Its mandate that utilities generate all electricity without fossil fuels by 2050 is the first of its kind in the South.
The law requires the SCC to consider the social costs of carbon emissions for new utility projects, which environmentalists say will help the state fight climate change.
“It will be very hard for Dominion to get approval to build any gas of any size,” said Cleveland, who helped write the original Clean Economy Act.
The law also shrinks Dominion’s energy monopoly a bit, allowing private parties to own 35% of new large solar projects. Previous law capped that amount at 25%. Environmental negotiators wanted a 50-50 split.
Other environmentalists, however, said the bill moves too slowly toward a transition to renewable energy. On energy efficiency, the language in the law was watered down to the point that the utility can nearly meet the mandate through programs it already planned under a previous law, according to a company filing.
Will Reisinger, a former assistant attorney general who practices with Richmond clean energy firm ReisingerGooch, said the bill is good for Dominion because it allows the company to make a lot of money. And the legislature missed an opportunity to pair that with fair electricity rates, he said.
“We have to pay attention to costs,” he said. “If we do the clean energy transition in a really expensive, inefficient manner, it’s going to impose unreasonable, unbearable costs on consumers and businesses and I just don’t think it’s going to work.”
But from Wall Street, Virginia took away risk for investors, which is important, said Shar Pourreza, managing director for North American power and utilities at New York investment firm Guggenheim Partners.
In other states, the risk of developing offshore wind is on the utility, he said.
For Dominion, the law has taken on even more significance.
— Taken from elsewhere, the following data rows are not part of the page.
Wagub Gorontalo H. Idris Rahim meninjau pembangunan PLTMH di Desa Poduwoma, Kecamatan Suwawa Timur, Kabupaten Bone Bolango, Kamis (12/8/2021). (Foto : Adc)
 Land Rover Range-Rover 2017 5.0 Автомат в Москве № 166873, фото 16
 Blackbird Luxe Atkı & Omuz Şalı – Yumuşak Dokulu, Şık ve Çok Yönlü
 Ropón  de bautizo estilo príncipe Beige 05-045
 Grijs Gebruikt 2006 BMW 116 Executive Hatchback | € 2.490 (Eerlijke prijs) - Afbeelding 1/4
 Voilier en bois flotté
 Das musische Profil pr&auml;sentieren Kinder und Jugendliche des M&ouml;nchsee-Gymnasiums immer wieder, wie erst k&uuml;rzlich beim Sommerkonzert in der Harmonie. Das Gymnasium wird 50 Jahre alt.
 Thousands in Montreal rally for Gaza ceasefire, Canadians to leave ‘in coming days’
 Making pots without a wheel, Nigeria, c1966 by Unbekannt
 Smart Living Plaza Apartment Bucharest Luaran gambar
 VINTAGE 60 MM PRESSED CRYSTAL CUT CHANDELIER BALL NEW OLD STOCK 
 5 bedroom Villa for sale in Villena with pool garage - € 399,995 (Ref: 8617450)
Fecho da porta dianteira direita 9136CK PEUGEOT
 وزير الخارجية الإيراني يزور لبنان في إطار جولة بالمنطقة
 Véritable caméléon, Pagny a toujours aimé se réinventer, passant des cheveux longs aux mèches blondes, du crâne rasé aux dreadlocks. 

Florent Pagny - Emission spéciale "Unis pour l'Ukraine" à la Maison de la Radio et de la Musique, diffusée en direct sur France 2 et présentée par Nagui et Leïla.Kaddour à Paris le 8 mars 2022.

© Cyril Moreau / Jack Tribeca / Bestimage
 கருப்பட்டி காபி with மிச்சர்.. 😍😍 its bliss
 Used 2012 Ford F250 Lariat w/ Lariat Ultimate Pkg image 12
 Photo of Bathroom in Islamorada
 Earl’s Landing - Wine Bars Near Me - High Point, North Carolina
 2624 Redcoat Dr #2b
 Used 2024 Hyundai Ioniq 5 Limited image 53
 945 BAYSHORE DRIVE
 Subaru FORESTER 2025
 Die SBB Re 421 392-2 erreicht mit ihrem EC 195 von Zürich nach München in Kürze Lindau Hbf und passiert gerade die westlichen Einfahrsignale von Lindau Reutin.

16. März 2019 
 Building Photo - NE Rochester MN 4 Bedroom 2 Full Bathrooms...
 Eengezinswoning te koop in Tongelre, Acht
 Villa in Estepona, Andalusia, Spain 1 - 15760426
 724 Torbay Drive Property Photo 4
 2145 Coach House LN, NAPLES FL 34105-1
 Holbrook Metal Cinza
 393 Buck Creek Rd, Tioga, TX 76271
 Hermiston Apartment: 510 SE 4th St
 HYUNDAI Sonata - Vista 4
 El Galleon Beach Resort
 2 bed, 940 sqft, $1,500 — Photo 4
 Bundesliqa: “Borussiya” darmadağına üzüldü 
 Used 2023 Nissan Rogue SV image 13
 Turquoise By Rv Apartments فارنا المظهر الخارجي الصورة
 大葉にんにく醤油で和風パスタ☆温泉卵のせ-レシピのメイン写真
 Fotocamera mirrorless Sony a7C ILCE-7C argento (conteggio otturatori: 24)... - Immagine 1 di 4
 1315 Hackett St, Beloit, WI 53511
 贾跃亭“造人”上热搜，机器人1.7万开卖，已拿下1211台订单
Four months after the session ended, on July 5, its parent company announced it was selling its gas assets and canceling plans to build the Atlantic Coast Pipeline, an $8 billion project to carry natural gas from West Virginia. Dominion said the federally regulated project collapsed, in part, because of legal challenges from environmentalists.
Dominion Executive Chair Tom Farrell said in a news release that the company would instead focus on something else: A clean energy profile in “its premier state-regulated, sustainability-focused utilities.”